- [Required work]: Pictures are to be dropped from the copy. Retype the listing exactly.

- [Supplied data]:
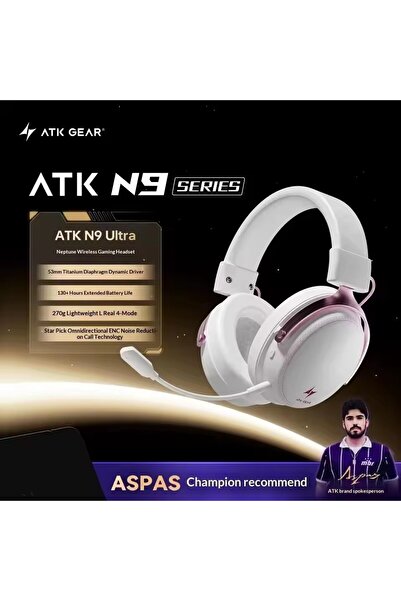Choice سماعة رأس لاسلكية للألعاب الإلكترونية ATK N9 Ultra Pink ATK Neptune N9...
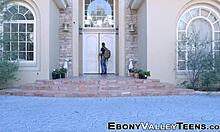 cute classy ebony teen babe sucks amateur oral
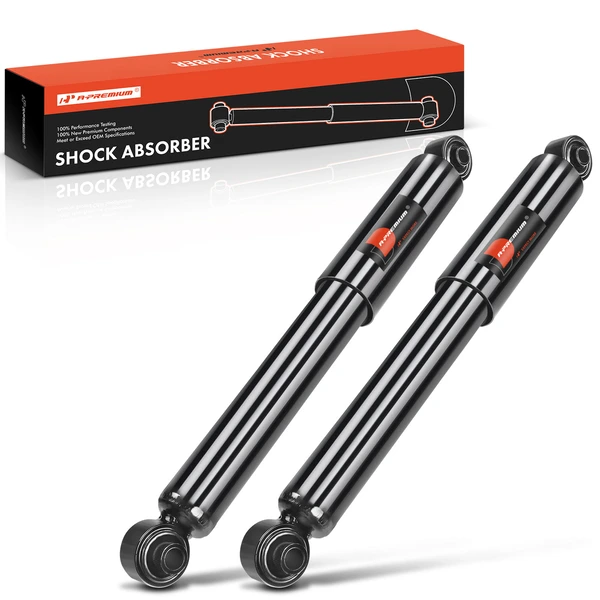 2012-2017 Fiat 500 2-Pc Shock Absorber Rear Driver & Passenger A-Premium APSA1322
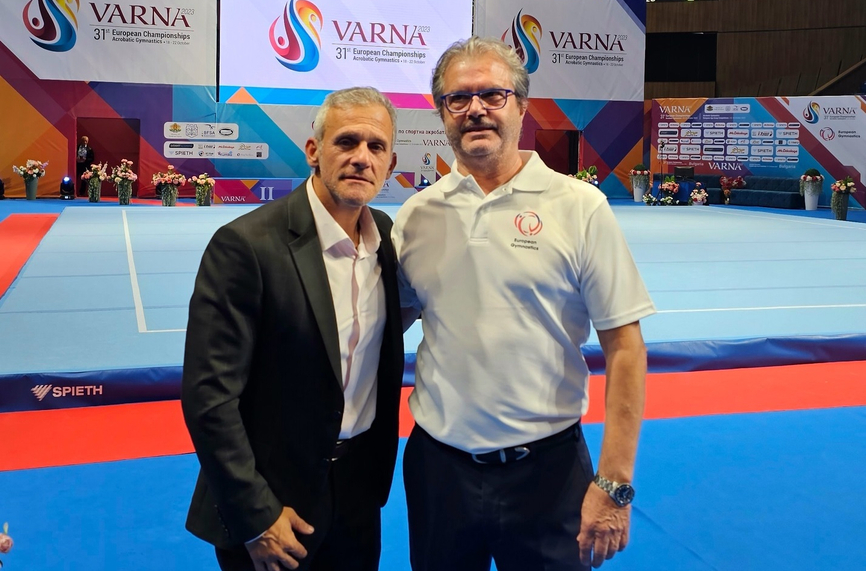 Йордан Йовчев и шеф на европейската гимнастика откриха ЕП по спортна акробатика във Варна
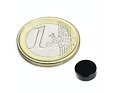 Neodymový magnet kotouč Ø 8 mm, v. 3 mm, v epoxidu, síla 1,3 kg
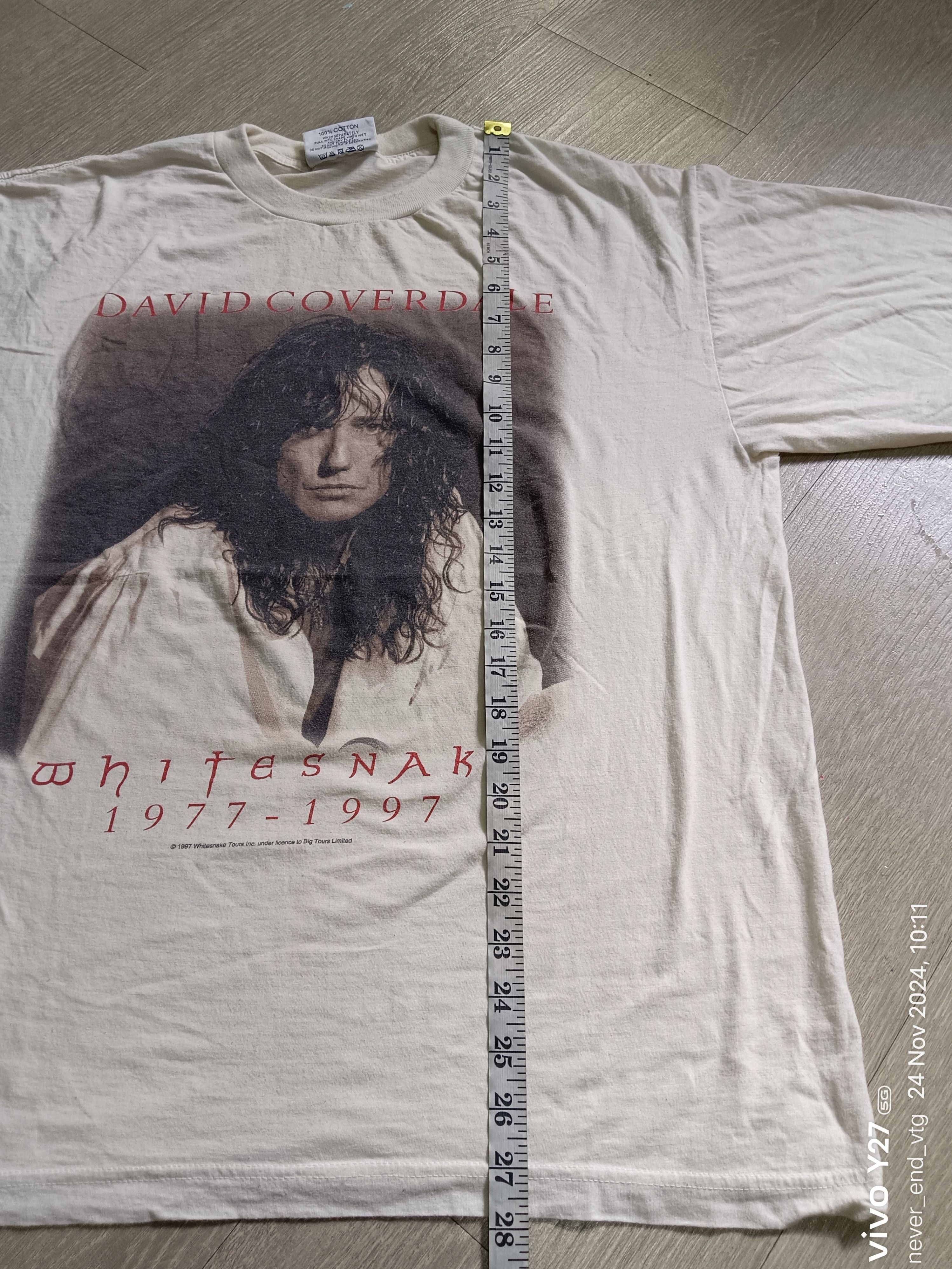 Band Tees VINTAGE DAVID COVERDALE WHITHESNAKETOUR TEE Size US XL / EU 56 / 4 - 8 Thumbnail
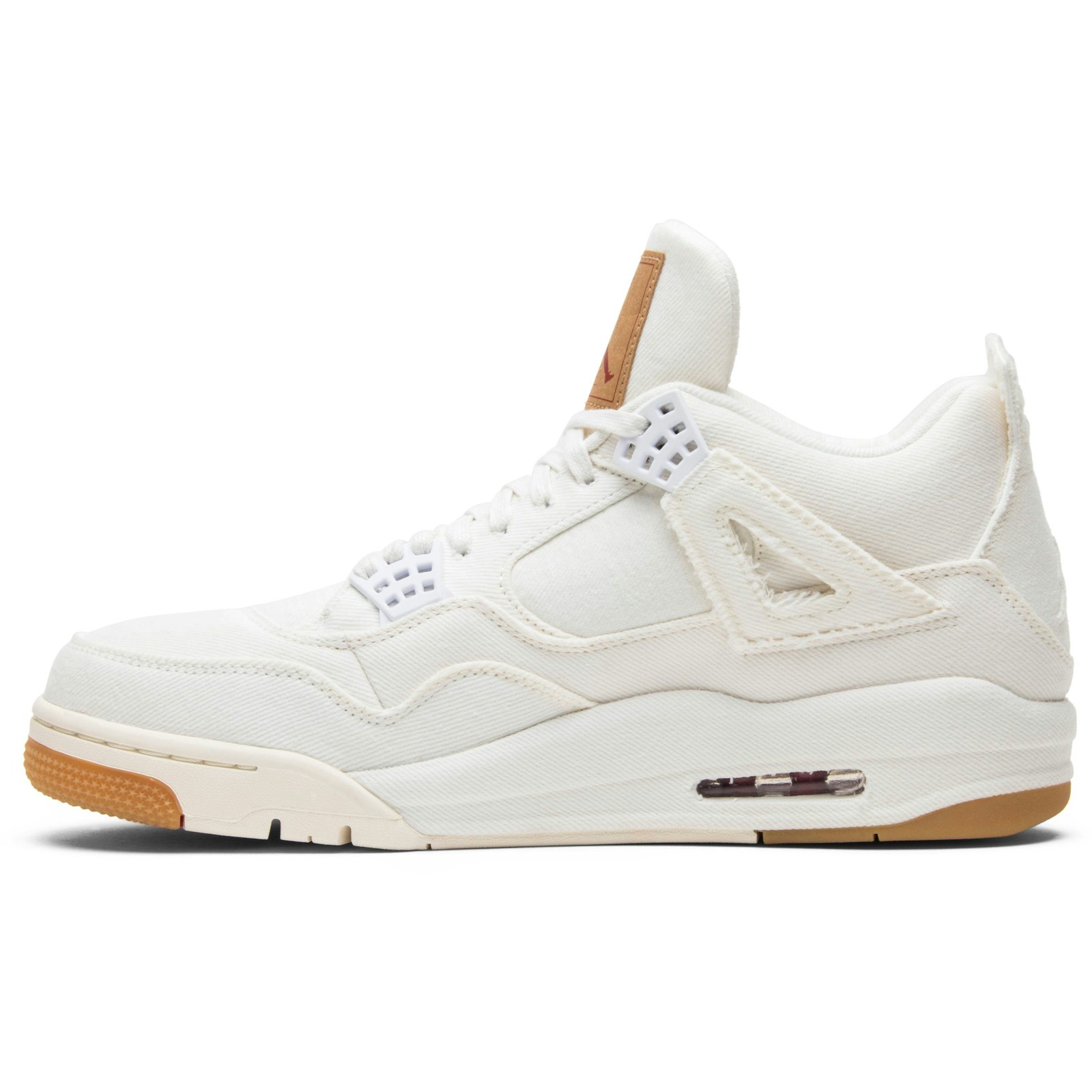 Levis x Air Jordan 4 Retro White Denim AO2571-100 Moroen - Image 3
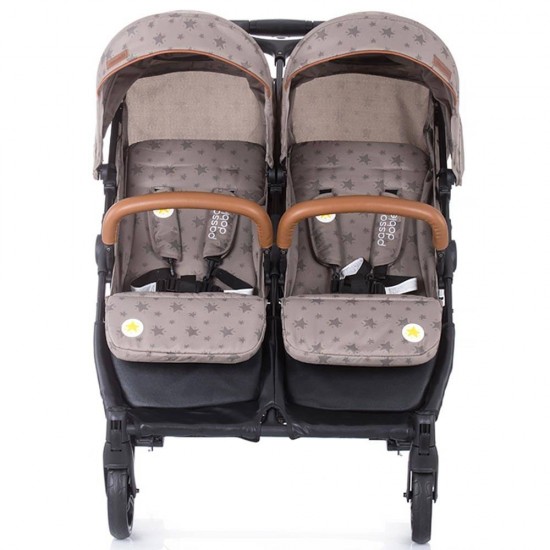 Carucior gemeni Chipolino Passo Doble Mocca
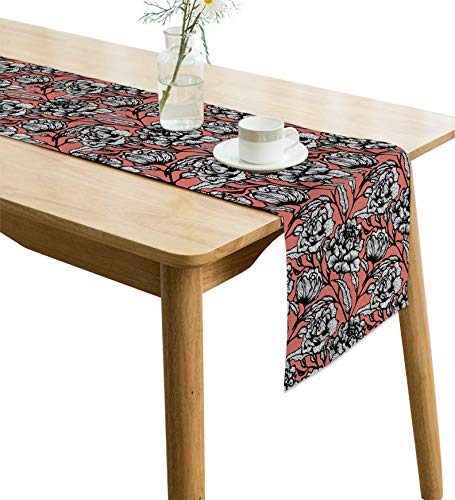 Image of Handmade Jute Table Runner, 12 x 60 Inches for 4 Seater, Heat Resistant & Non-Slip, Natural Rustic Farmhouse Decor, for Dining, Coffee & Centre Table, AATR0046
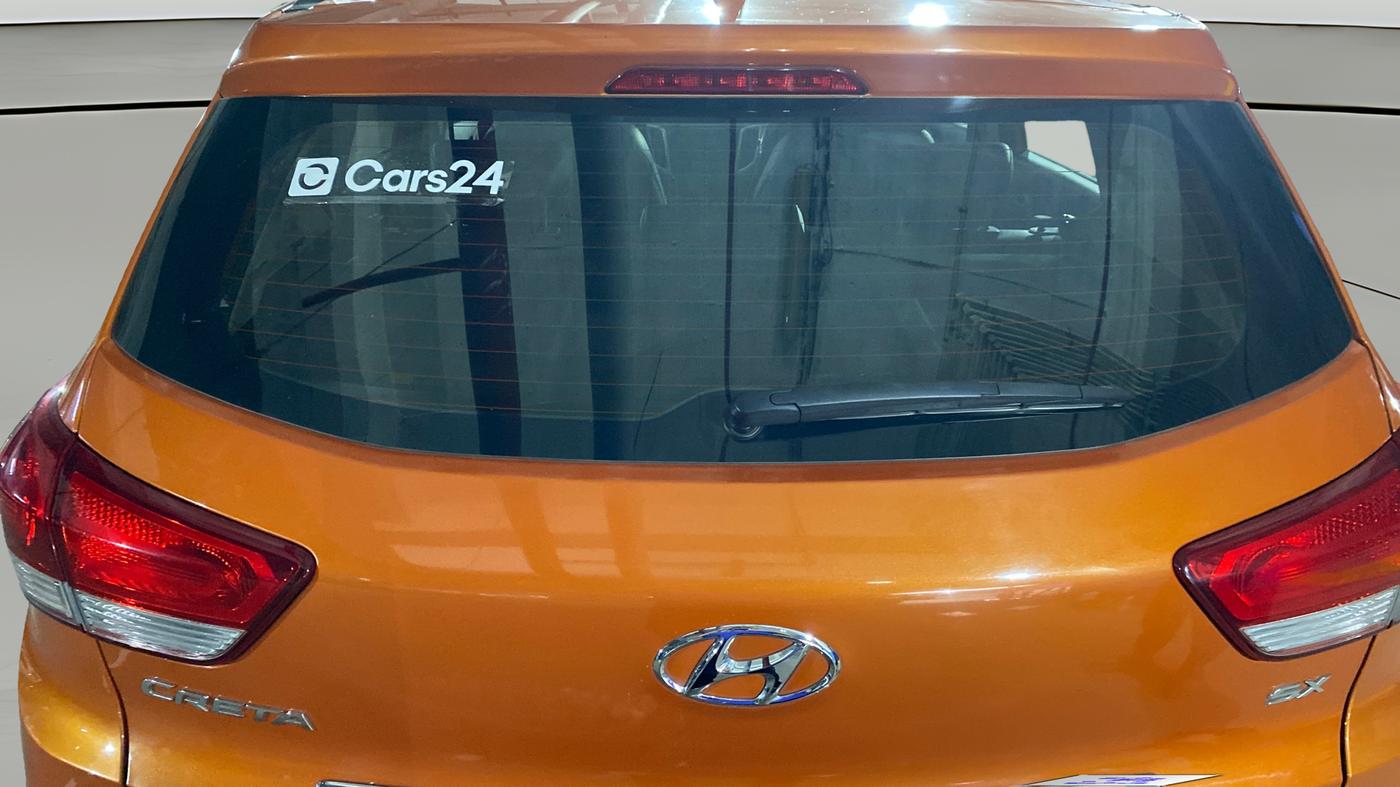 2018 Hyundai Creta SX (O) 1.6 PETROL, Petrol, Manual, 31,095 km, Rear Windshield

- [Answer to this task]:
Choice سماعة رأس لاسلكية للألعاب الإلكترونية ATK N9 Ultra Pink ATK Neptune N9...
 cute classy ebony teen babe sucks amateur oral
 2012-2017 Fiat 500 2-Pc Shock Absorber Rear Driver & Passenger A-Premium APSA1322
 Йордан Йовчев и шеф на европейската гимнастика откриха ЕП по спортна акробатика във Варна
 Neodymový magnet kotouč Ø 8 mm, v. 3 mm, v epoxidu, síla 1,3 kg
 Band Tees VINTAGE DAVID COVERDALE WHITHESNAKETOUR TEE Size US XL / EU 56 / 4 - 8 Thumbnail
 Levis x Air Jordan 4 Retro White Denim AO2571-100 Moroen - Image 3
 Carucior gemeni Chipolino Passo Doble Mocca
 Image of Handmade Jute Table Runner, 12 x 60 Inches for 4 Seater, Heat Resistant & Non-Slip, Natural Rustic Farmhouse Decor, for Dining, Coffee & Centre Table, AATR0046
 2018 Hyundai Creta SX (O) 1.6 PETROL, Petrol, Manual, 31,095 km, Rear Windshield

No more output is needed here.